New York City joined Facebook investors, including three state governments, in pushing founder Mark Zuckerberg to give up the role of chairman after a string of security breaches and misuse of the platform by foreign agents during U.S. elections.

“Facebook plays an outsize role in our society and our economy" and has a social and financial responsibility to be more transparent, said New York City Comptroller Scott Stringer, whose job includes serving as the adviser for the fourth-largest pension fund system in the country, with assets of $197 billion. "An independent board chair is essential to moving Facebook forward from this mess."

State treasurers from Illinois, Rhode Island, and Pennsylvania are also backing the measure, originally filed by Trillium Asset Management in June, which calls for a vote at the Menlo Park, Calif.-based company's next general meeting.

Despite their holdings in Facebook, and the possibility of support from additional investors, passage of the proposal without Zuckerberg's support is an impossibility. Including his super-voting shares that each count for 10 shares of common stock, Zuckerberg controls 59.9 percent of investor voting power in the company, according to its April proxy filing.

Splitting the roles of chairman and chief executive officer, as companies including Google, Microsoft, and Wells Fargo do, would make the social media giant more accountable to its shareholders, said Illinois State Treasurer Mark Frerichs, who manages $28 billion in investments.

“Facebook’s governance structure continues to put its investors at risk,” Frerichs said in a statement. “We need to see more accountability of Mark Zuckerberg to the board of directors.”

Facebook declined to comment on Wednesday. A proposal to split the two roles in 2017, however, garnered support from only 11 percent of shareholders, according to a regulatory filing.

The company has previously said that requiring an independent chairman wouldn't provide "appreciably better" direction or performance and might instead lead to "uncertainty, confusion, and inefficiency in board and management function and relations."
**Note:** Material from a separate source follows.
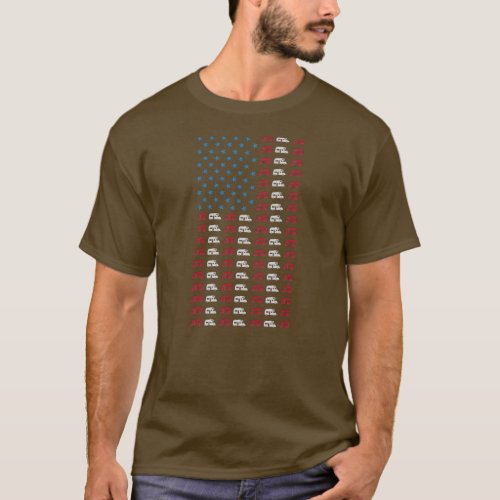 Motorhome RV Campervan July 4th American Flag  T_Shirt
Facebook has fallen 10 percent this year to $159.21 in New York trading as its CEO and other senior officials testified in repeated congressional hearings on efforts to fight misuse of its platform by foreign intelligence agencies like Russia's as well as claims of anti-conservative bias and attacks by hackers.

This fall, Facebook said cyber-thieves compromised 30 million accounts, compounding the scrutiny over a disclosure earlier this year that a consultant on President Trump's 2016 campaign improperly gained access to information on 87 million users.
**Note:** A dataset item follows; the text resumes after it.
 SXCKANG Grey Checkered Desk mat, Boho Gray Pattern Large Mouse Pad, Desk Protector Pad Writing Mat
Such issues, along with Google's admission that app developers are given access to Gmail accounts when users consent, has spurred increasing support for a federal privacy law that would give U.S. residents more control over their personal information.

While tech companies support the idea of uniform standards, they're keen to avoid some of the restrictions imposed in rigorous standards in the European Union and the state of California.